Pourquoi suit-on la pluralité[5] ? est-ce à cause qu’ils ont plus de raison[6] ? non, mais plus de force. Pourquoi suit-on les anciennes lois et les anciennes opinions ? est-ce

  1. « Très-malsaines. » On dirait maintenant très-peu saines.
  2. « Il est donc vrai. » En titre, Raison des effets.
  3. « Le plus grand des maux. » En titre, Opinions du peuple saines.
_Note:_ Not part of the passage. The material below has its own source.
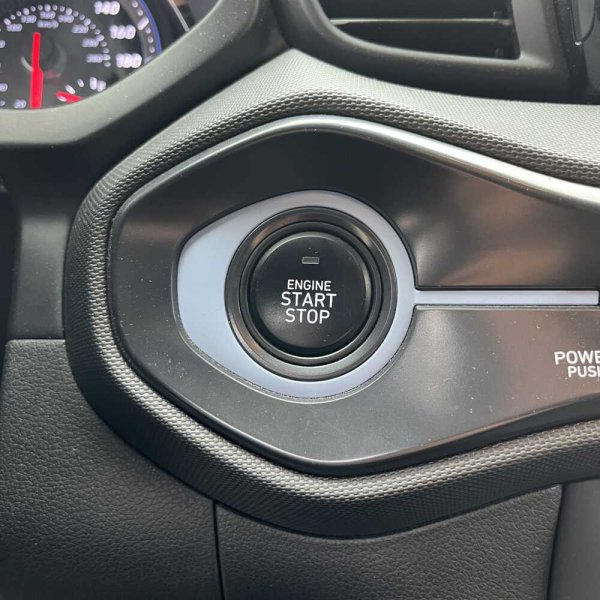 Hyundai Veloster 2018 г 55298 км - Image 18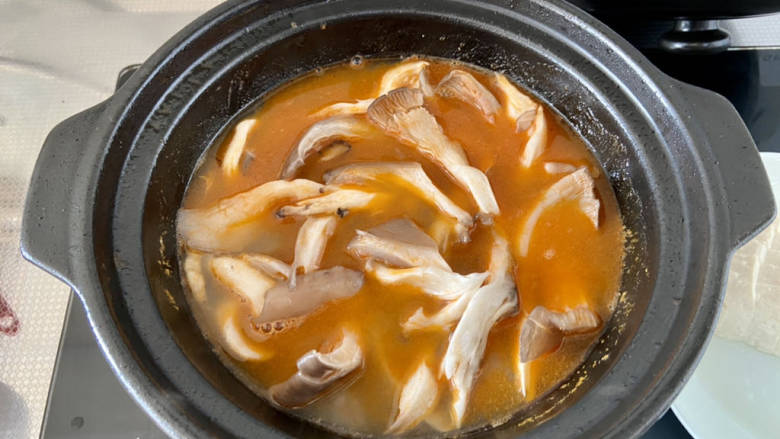 虾仁豆腐煲,加入平菇垫底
  4. « Ni si grand, ni si sûr. » Cette défense de l’hérédité royale pouvait paraître irrévérencieuse, et P. R. a cru prudent de la supprimer. L’esprit qui sur le trône de Louis XIV osait par supposition placer un sot, et qui ne se prononçait pour ce sol que de peur d’une guerre civile, était moins soumis qu’il ne croyait. Cf. 7 et 9.
  5. « Pourquoi suit-on la pluralité ? » Nous disons aujourd’hui, la majorité. — Ils. La pluralité, ceux qui la composent.
  6. « Plus de raison. » C’est parce que, la majorité et la minorité se composant d’hommes qui ont en moyenne autant de raison les uns que les autres, il y a probabilité, si toutes les opinions sont libres de se produire, que la plus généralement adoptée sera la plus raisonnable. Ce n’est qu’une probabilité, mais on s’en contente faute de mieux.